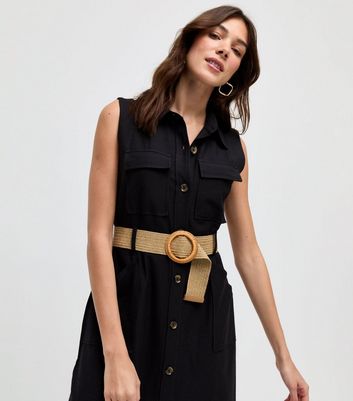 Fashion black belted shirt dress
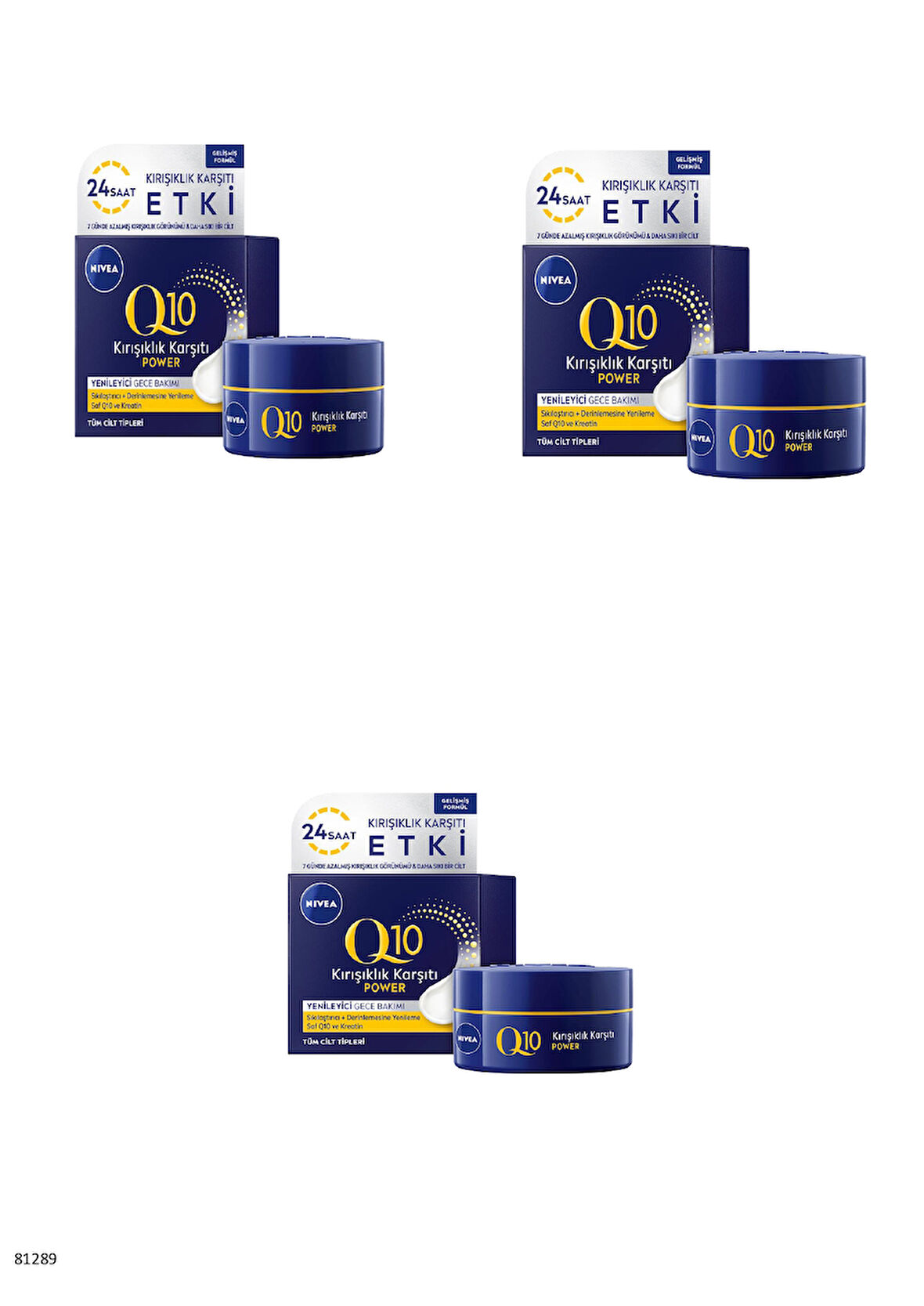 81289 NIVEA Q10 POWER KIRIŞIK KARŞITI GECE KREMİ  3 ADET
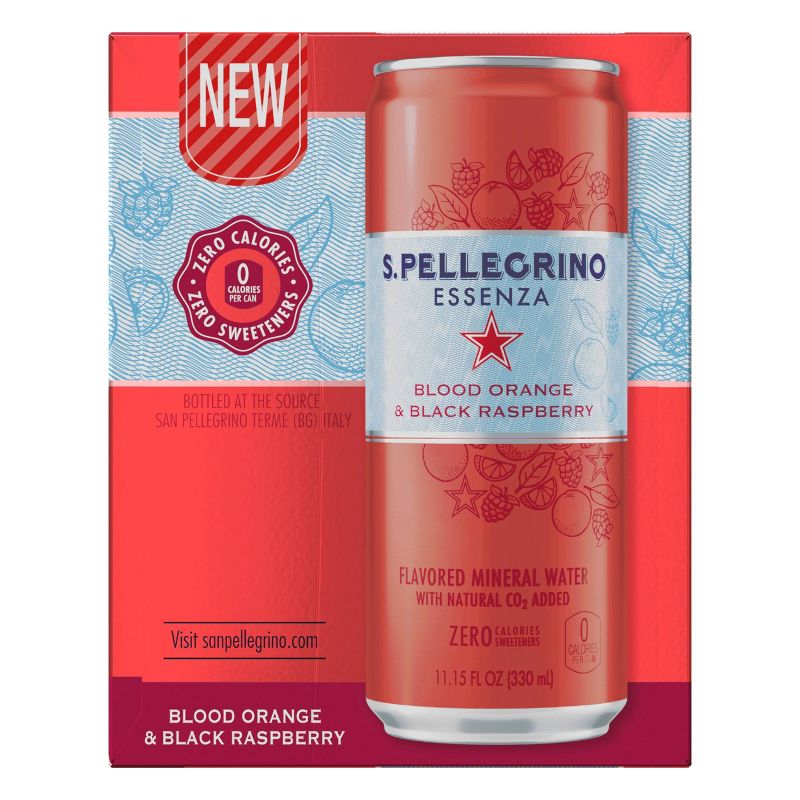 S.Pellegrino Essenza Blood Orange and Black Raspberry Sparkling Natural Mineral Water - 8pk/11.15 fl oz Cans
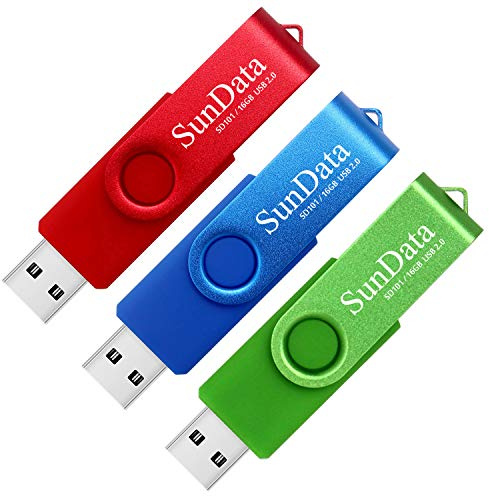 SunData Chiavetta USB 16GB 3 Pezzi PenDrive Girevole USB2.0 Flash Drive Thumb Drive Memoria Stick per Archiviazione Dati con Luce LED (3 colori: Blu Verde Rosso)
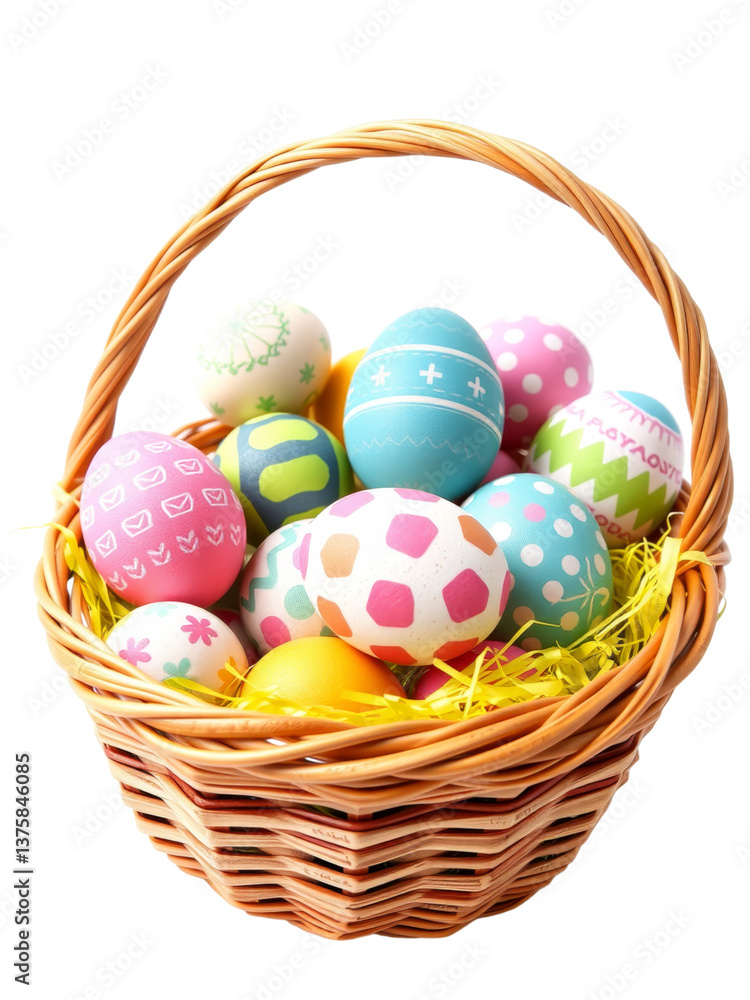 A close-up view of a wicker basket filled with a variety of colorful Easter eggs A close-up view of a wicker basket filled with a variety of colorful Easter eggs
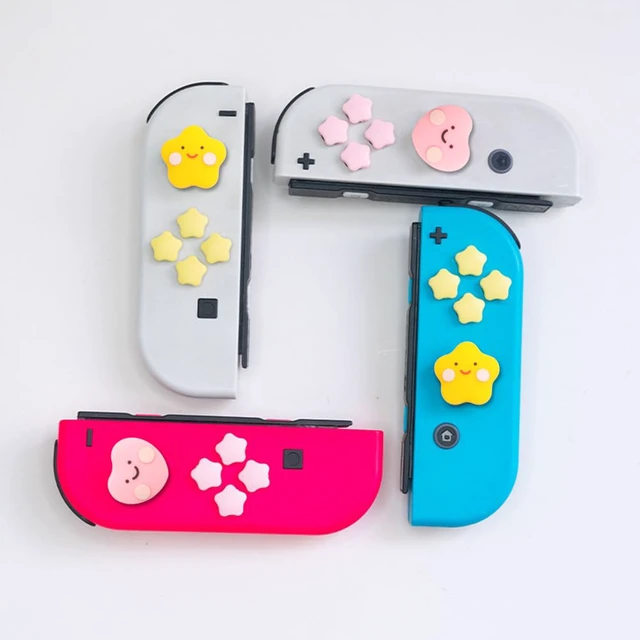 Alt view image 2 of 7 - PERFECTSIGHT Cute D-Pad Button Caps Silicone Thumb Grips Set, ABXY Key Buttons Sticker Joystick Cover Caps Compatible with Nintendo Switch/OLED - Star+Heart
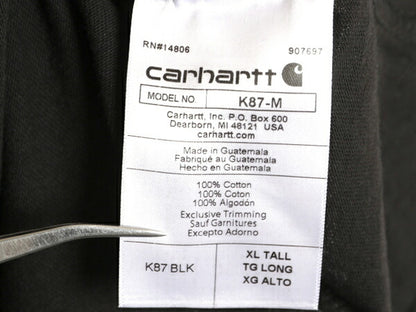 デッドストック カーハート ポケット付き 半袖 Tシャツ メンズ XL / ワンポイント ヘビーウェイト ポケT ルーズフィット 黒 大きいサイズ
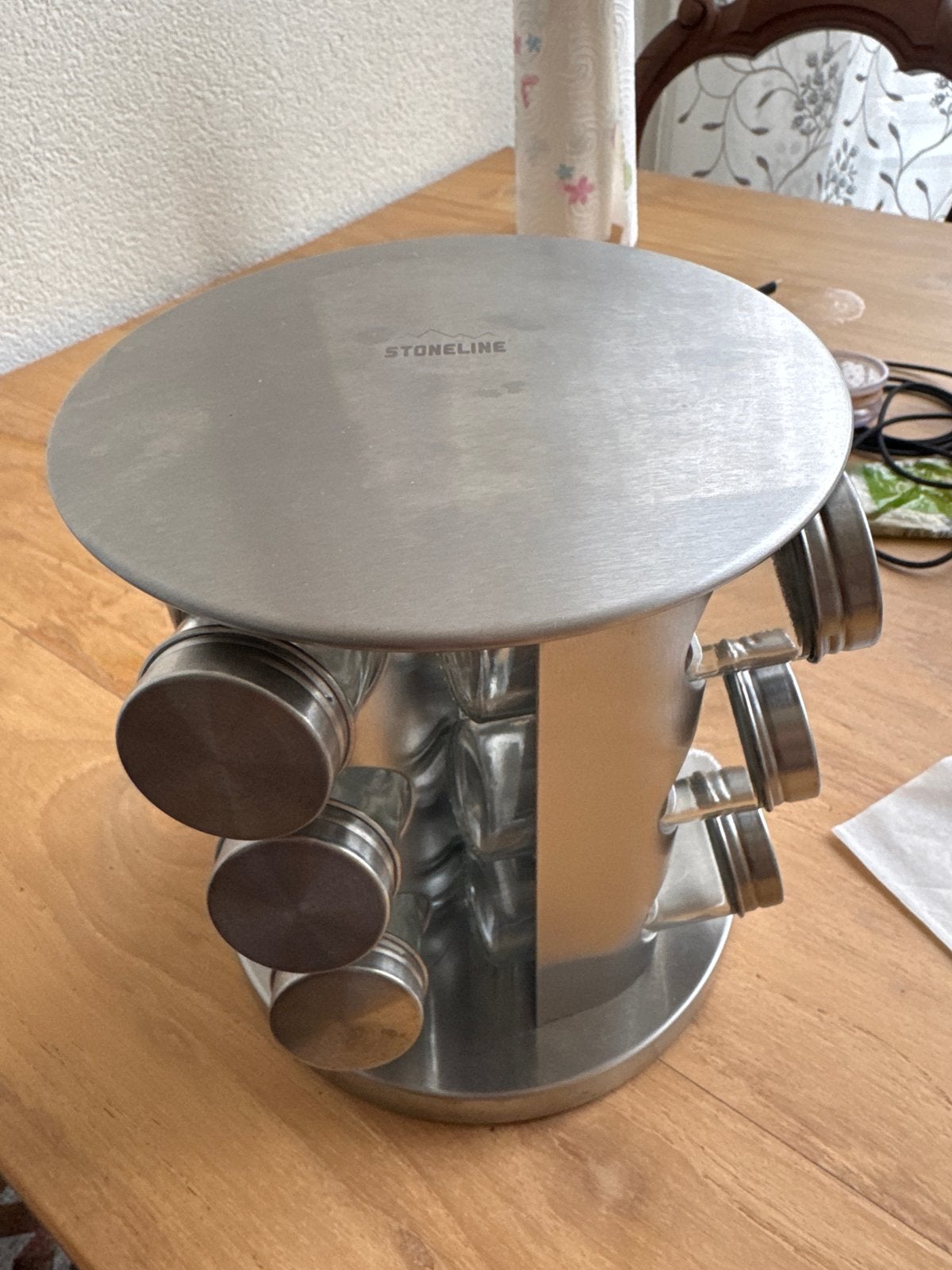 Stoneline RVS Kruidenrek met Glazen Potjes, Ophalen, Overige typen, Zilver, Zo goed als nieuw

- - -

TASK GOAL: An exact printout of the entries is wanted, covering the first line through the line holding "S.Pellegrino Essenza Blood", with pictures kept out of it.

RESPONSE BOX:
 Fashion black belted shirt dress
 81289 NIVEA Q10 POWER KIRIŞIK KARŞITI GECE KREMİ  3 ADET
 S.Pellegrino Essenza Blood Orange and Black Raspberry Sparkling Natural Mineral Water - 8pk/11.15 fl oz Cans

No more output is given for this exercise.